4. Identity and Anonymity Flashcards
Forms of identity
- identified individual
- pseudonym /we can detach online presence from the actual person. However, this kind of privacy can be illusory, as it is often possible to identify the actual person behind the pseudonym.)
- anonymity (“The weakest form of identity is anonymity. With truly anonymous data, we not only do not know the individual the data is about, we cannot even tell if two data items are about the same individual.)
The differences can easily be seen using a formal definition. Assume we have a set of data items D={d1 ,…,dn }, and an identity function I(d) that gives us information on whom the data item d is about. If we can say that, for a known individual i, I(d)=i, then I(d) is an identified individual. If we can say that I(dj )=I(dk ) (the two data items are about the same individual), but we do not know who that individual is, then I(dk ) is a pseudonym. If we cannot make either statement (identified individual or pseudonym), then the data is anonymous.
Reasons for a system to know a person’s identity
- Access control
- Attribution (the ability to prove who performed an action)
- Enhance user experience (pseudonym might be enough here)
Representing an identity
- External, easy to remember identifier (e.g. name and date of birth or address)
- user specified identifier (user ID)
- externally created identifiers (e.g. email address)
- using systems created for that purpose. The X.500 standard provides a flexible framework for storing and maintaining identifying information, as do commercial systems such as Microsoft Passport or Google Wallet. Cryptographic certificates and public-key infrastructure (see Chapter 3) also provide mechanisms to verify identity. These systems generally combine representations of identity with other identity-related information (name, address) and can provide authentication mechanisms
- Biometrics
X.500
X.500 is a series of computer networking standards used to develop the equivalent of an electronic directory that is very similar to the concept of a physical telephone directory. Its purpose is to centralize an organization’s contacts so that anyone within (and sometimes without) the organization who has Internet access can look up other people in the same organization by name or department. Several large institutions and multinational corporations have implemented X.500.
Authentication categories
Authentication is used to ensure that an individual performing an action matches the expected identity. Authentication can be accomplished by a variety of mechanisms, each with advantages and drawbacks. These mechanisms fall into four main categories:
What you know—secret knowledge held only by the individual corresponding to the identity
What you have—authentication requires an object possessed by the individual
Where you are—the location matches the expected location
What you are—biometric data from the individual
Authentication methods typically involve authentication information held by the user, complementation information held by the server/host, and an authentication function that takes a piece of authentication information and a piece of complementation information and determines whether they do or do not match.

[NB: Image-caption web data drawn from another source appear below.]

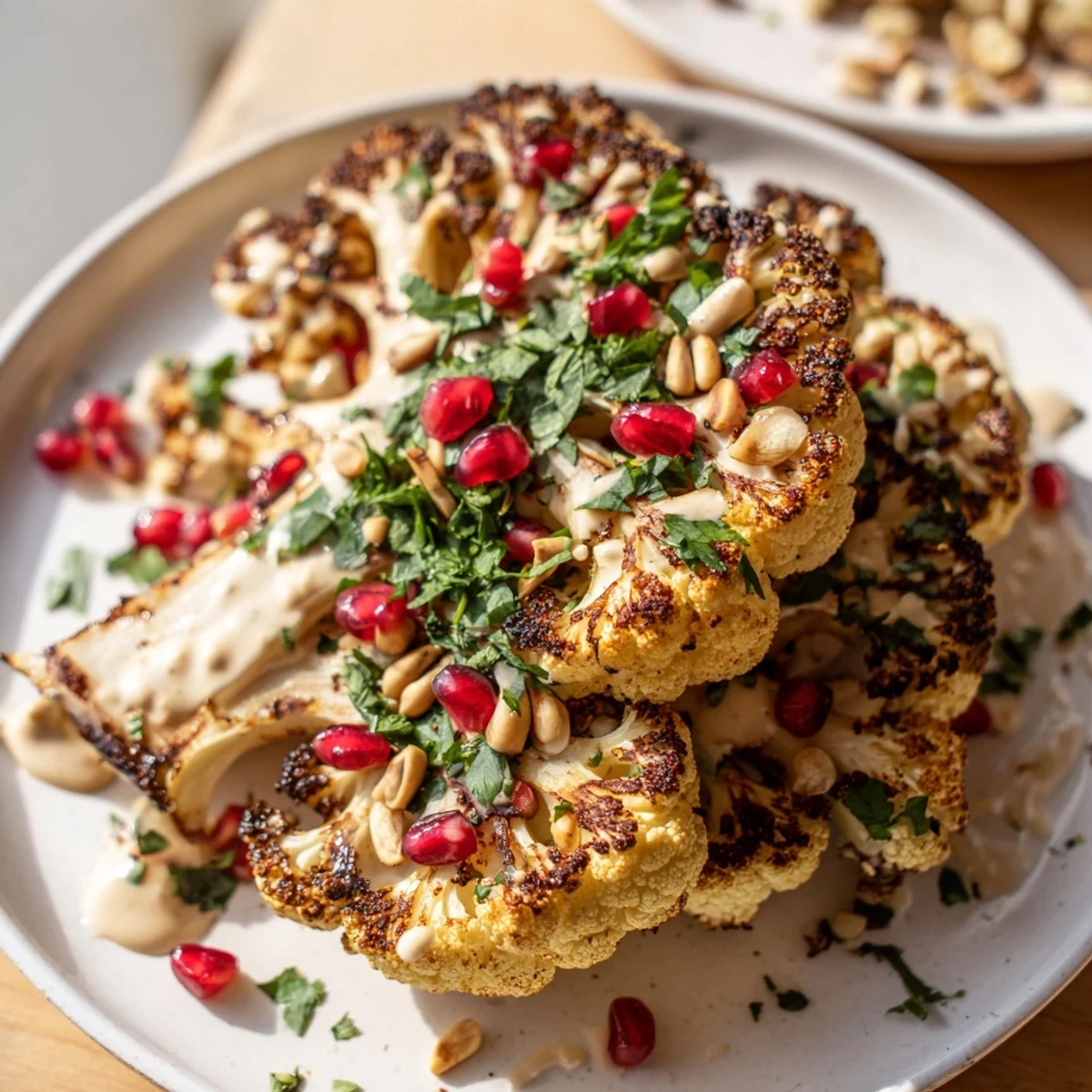 Golden roasted cauliflower steaks with creamy tahini dressing garnished with parsley and pine nuts.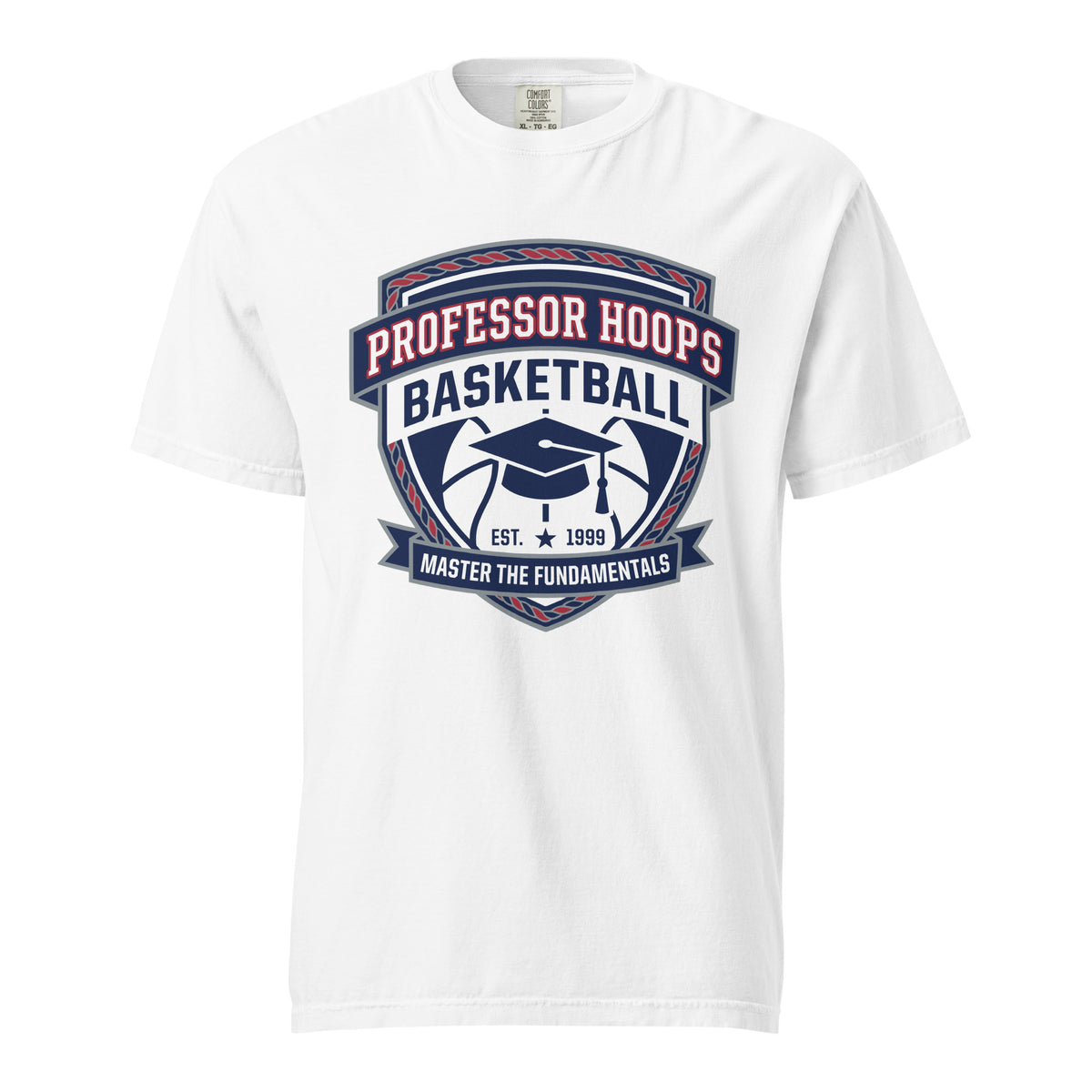 Signature | Comfort Colors T-Shirt | Professor Hoops Basketball | Crest Logo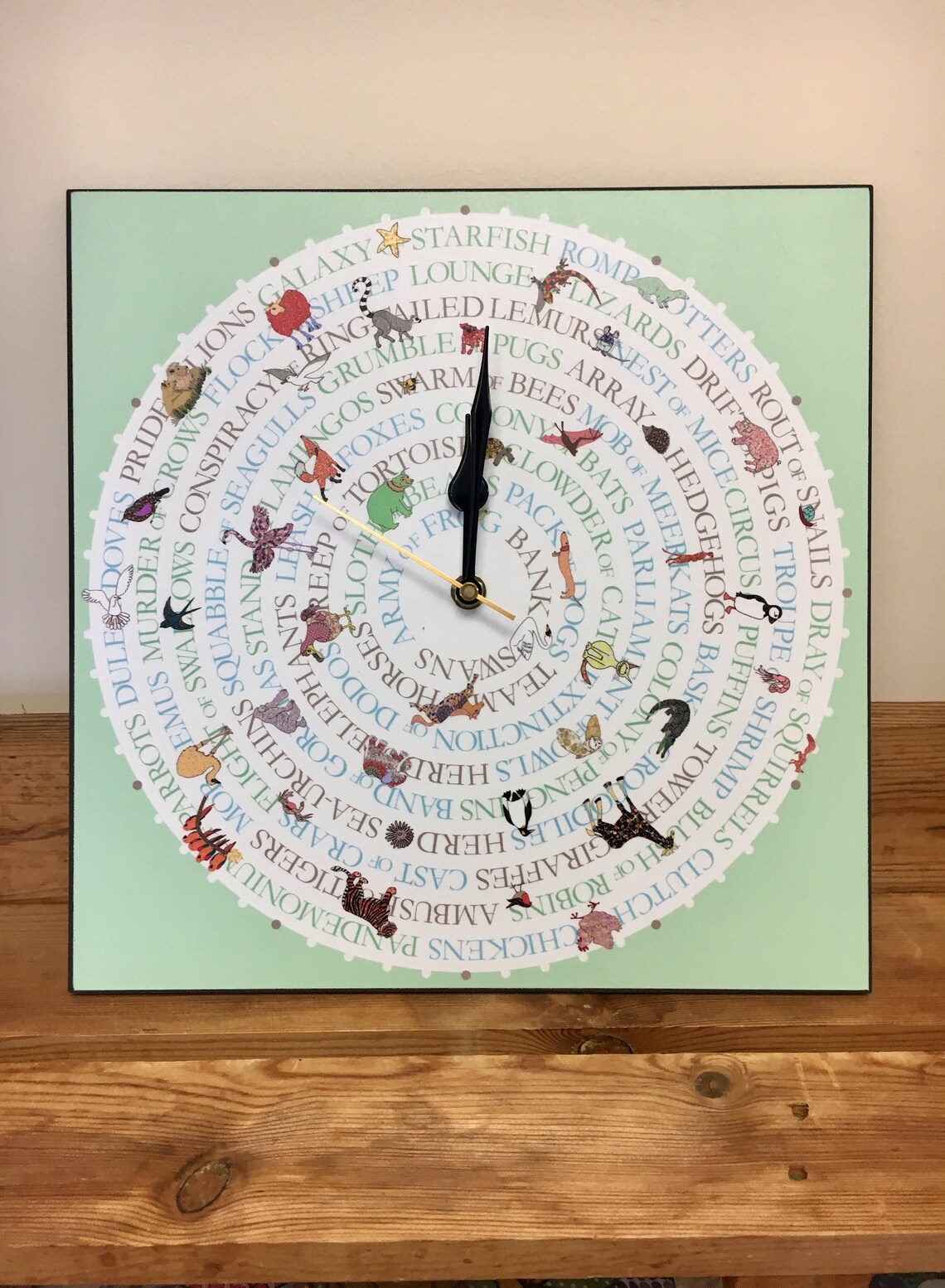 Animal Collective Nouns CLOCK 12 Drawn and Designed by Etsy
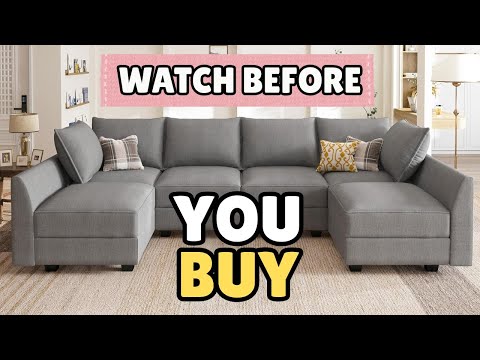 HONBAY Sectional Couch with Pull Out Bed, Sectional Sleeper Sofa with Storage, U Shape Couches for Living Room, Velvet Beige video review thumbnail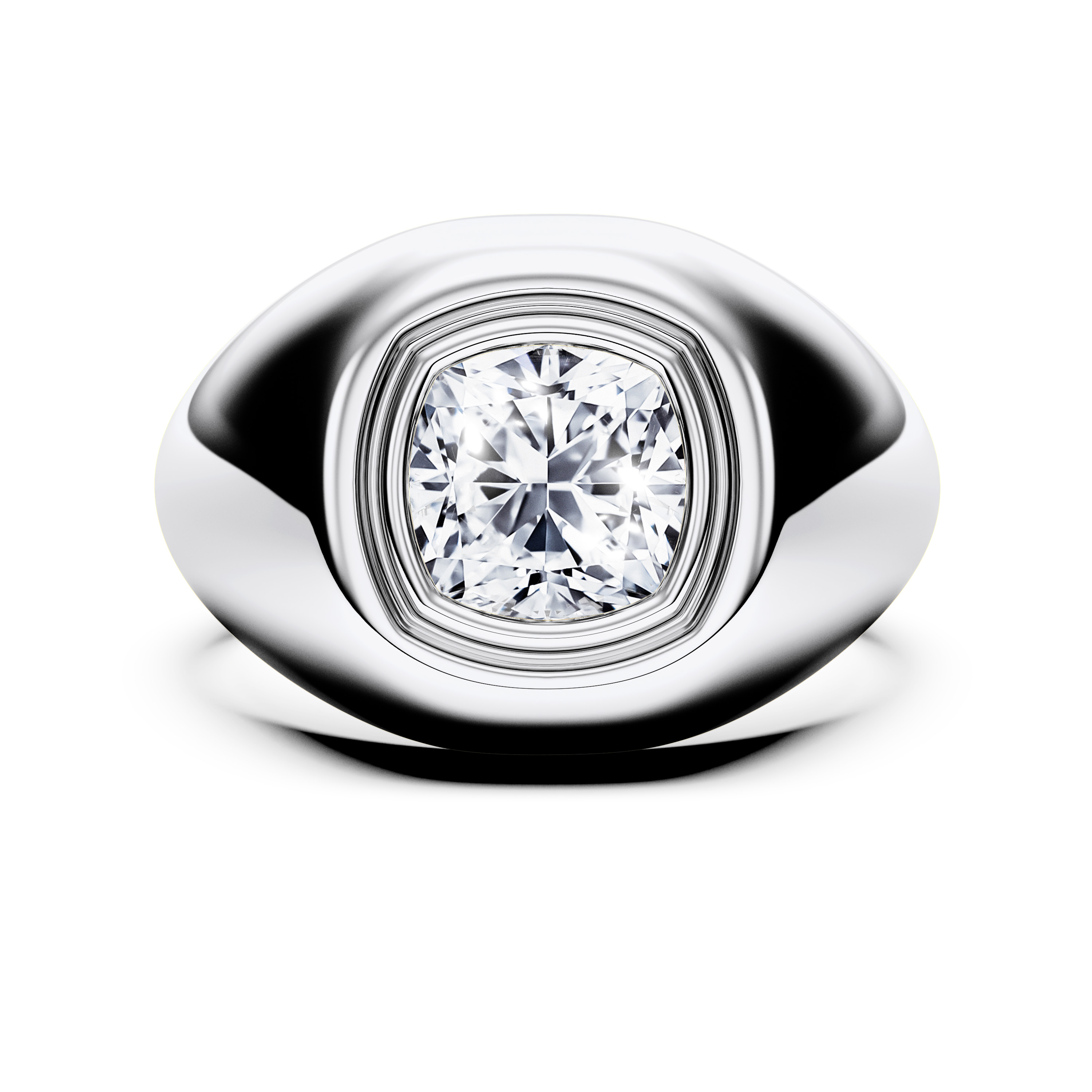 Solitaire, 18ct White Gold Diamond Engagement Ring Signet Ring Cushion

A man in the middle attack
Simple example of a password attack performed directly through the system is the man-in-the-middle attack, in which a computer program intercepts traffic and reads the password contained in the intercept. To combat this attack, passwords are typically encrypted. Instead of presenting the password (authentication information) to a system, the system uses a one-way hash of the password and stores only the hash (complementary information). As it is extremely difficult to discover the password from the hash, this prevents the man in the middle, or an intruder who has gained access to the system, from obtaining a user’s password.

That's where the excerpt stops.